[LISTED ENTRIES]

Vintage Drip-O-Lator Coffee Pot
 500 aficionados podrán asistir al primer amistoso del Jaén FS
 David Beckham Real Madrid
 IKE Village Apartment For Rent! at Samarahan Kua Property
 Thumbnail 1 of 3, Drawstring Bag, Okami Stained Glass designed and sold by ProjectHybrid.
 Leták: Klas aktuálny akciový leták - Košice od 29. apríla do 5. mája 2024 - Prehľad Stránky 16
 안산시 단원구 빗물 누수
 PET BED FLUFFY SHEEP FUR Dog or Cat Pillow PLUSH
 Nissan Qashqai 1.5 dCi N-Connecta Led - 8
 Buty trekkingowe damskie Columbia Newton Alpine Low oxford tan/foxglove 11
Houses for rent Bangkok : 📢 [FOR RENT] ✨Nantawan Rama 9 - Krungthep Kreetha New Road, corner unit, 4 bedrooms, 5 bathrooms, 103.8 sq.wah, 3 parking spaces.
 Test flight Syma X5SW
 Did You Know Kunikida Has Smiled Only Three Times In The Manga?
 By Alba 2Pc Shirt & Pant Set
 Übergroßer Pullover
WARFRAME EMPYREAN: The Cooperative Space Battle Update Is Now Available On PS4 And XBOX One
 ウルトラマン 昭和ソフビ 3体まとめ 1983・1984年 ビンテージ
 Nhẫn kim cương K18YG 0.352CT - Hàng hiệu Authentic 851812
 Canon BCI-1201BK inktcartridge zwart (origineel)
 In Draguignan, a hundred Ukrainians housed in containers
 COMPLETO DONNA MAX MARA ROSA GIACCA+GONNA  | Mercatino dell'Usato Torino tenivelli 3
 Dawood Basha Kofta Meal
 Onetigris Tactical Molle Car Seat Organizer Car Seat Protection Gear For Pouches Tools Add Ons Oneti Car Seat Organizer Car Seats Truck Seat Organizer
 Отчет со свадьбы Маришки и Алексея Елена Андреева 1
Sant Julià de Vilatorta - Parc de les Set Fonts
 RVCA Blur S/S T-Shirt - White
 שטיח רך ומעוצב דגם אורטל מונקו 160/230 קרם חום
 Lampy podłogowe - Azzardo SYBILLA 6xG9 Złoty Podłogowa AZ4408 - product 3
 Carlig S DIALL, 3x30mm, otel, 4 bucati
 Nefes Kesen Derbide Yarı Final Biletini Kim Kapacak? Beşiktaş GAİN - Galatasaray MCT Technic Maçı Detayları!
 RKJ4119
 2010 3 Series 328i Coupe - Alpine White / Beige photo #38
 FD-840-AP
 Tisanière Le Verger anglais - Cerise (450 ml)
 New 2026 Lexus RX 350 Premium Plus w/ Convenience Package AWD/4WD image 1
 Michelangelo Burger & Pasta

[/LISTED ENTRIES]

▶ **ACTION ITEM**
Give the number of lines in the entries that hold the string "White", and add nothing else.

▶ **WRITTEN REPLY**
2